BEGIN Data shown

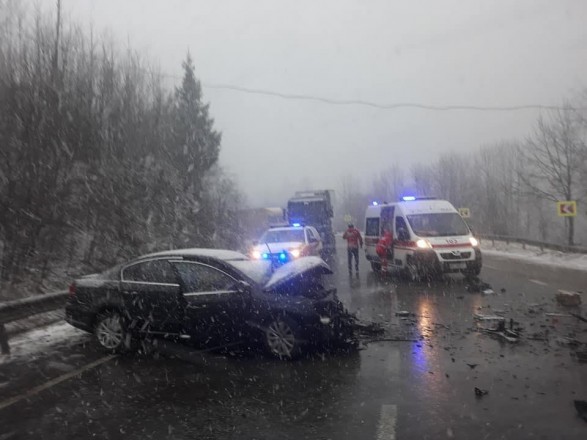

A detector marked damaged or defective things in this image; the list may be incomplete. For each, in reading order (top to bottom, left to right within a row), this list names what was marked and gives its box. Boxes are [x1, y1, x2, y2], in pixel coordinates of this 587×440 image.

damaged black sedan [66, 249, 356, 360]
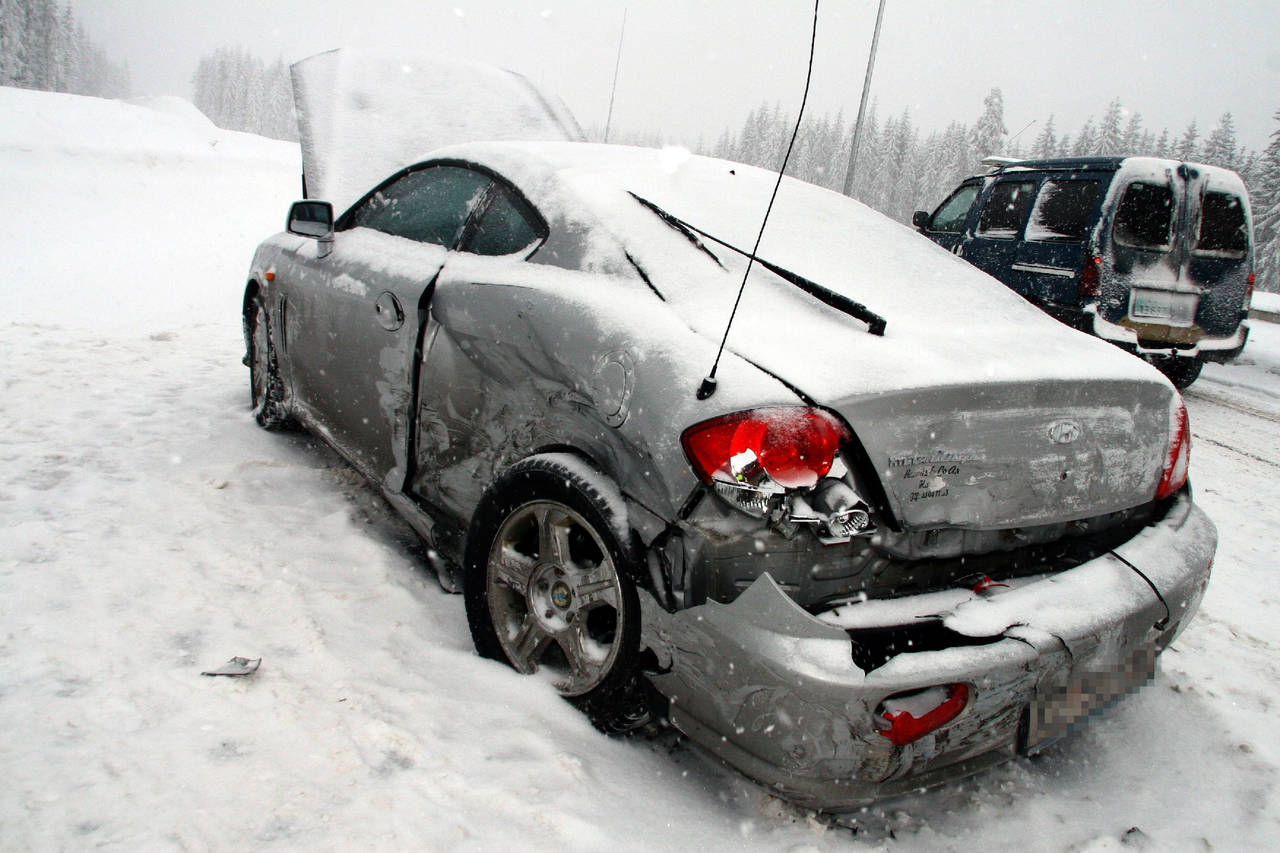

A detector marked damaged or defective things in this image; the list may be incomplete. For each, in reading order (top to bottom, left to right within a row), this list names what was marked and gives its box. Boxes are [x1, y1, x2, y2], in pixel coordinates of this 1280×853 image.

broken tail light [1080, 251, 1104, 298]
damaged silver coupe [242, 50, 1216, 808]
broken tail light [680, 408, 848, 492]
broken tail light [1160, 398, 1192, 500]
crushed rear bumper [644, 490, 1216, 808]
broken tail light [880, 684, 968, 744]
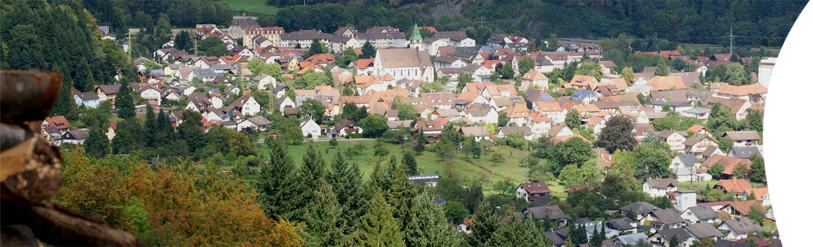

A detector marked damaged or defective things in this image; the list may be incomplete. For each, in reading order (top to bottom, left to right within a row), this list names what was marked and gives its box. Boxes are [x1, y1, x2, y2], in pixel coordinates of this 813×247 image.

rusty metal object [0, 70, 144, 246]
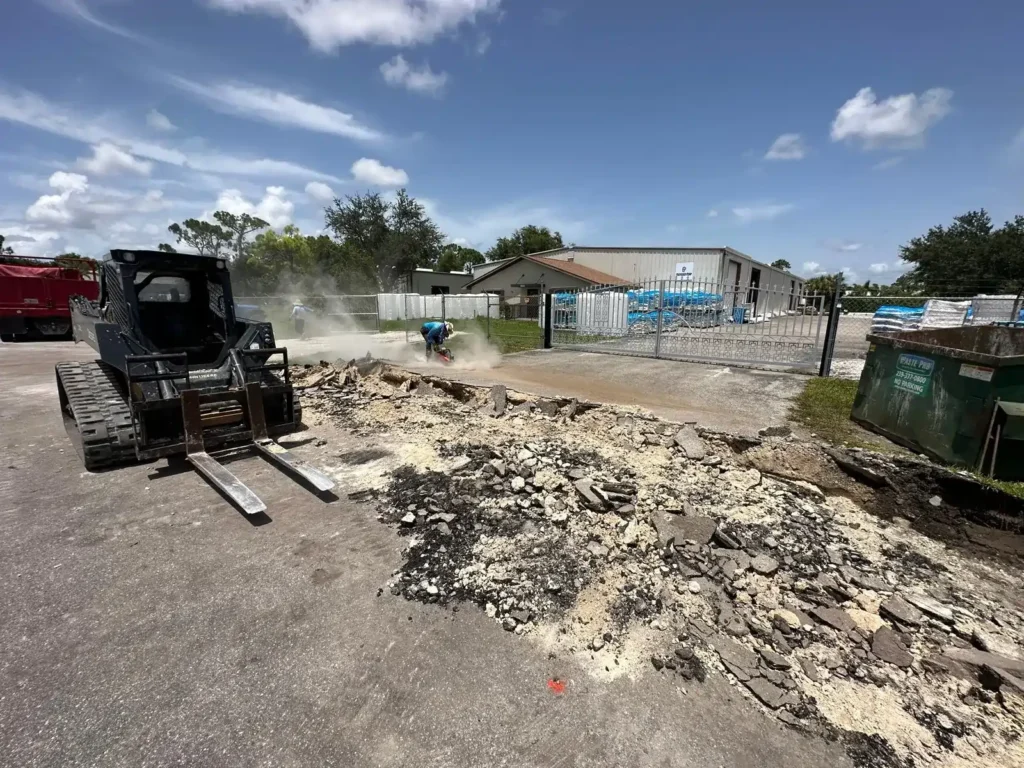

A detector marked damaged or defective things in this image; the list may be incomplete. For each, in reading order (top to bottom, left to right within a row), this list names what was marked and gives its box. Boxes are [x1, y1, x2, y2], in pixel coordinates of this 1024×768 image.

broken concrete slab [672, 424, 704, 460]
broken concrete slab [876, 596, 924, 628]
broken concrete slab [872, 628, 912, 668]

END Data shown

About this task: This calls for an exact copy of all the entries above, with the pictures omitted.

Reply:
A detector marked damaged or defective things in this image; the list may be incomplete. For each, in reading order (top to bottom, left to right within a row), this list names what was marked and gives its box. Boxes are [x1, y1, x2, y2], in pixel coordinates of this 587×440 image.

damaged black sedan [66, 249, 356, 360]

A detector marked damaged or defective things in this image; the list may be incomplete. For each, in reading order (top to bottom, left to right within a row), this list names what was marked and gives its box. Boxes are [x1, y1, x2, y2], in pixel coordinates of this 1280×853 image.

broken tail light [1080, 251, 1104, 298]
damaged silver coupe [242, 50, 1216, 808]
broken tail light [680, 408, 848, 492]
broken tail light [1160, 398, 1192, 500]
crushed rear bumper [644, 490, 1216, 808]
broken tail light [880, 684, 968, 744]

A detector marked damaged or defective things in this image; the list may be incomplete. For each, in reading order (top to bottom, left to right within a row), this list names what was marked and gives its box. Boxes are [x1, y1, x2, y2], in pixel coordinates of this 813×247 image.

rusty metal object [0, 70, 144, 246]

A detector marked damaged or defective things in this image; the list may be incomplete. For each, in reading order (top to bottom, left to right within a row), this list names what was marked and gives its box. Boxes are [x1, y1, x2, y2], in pixel coordinates of this 1024×768 image.

broken concrete slab [672, 424, 704, 460]
broken concrete slab [876, 596, 924, 628]
broken concrete slab [872, 628, 912, 668]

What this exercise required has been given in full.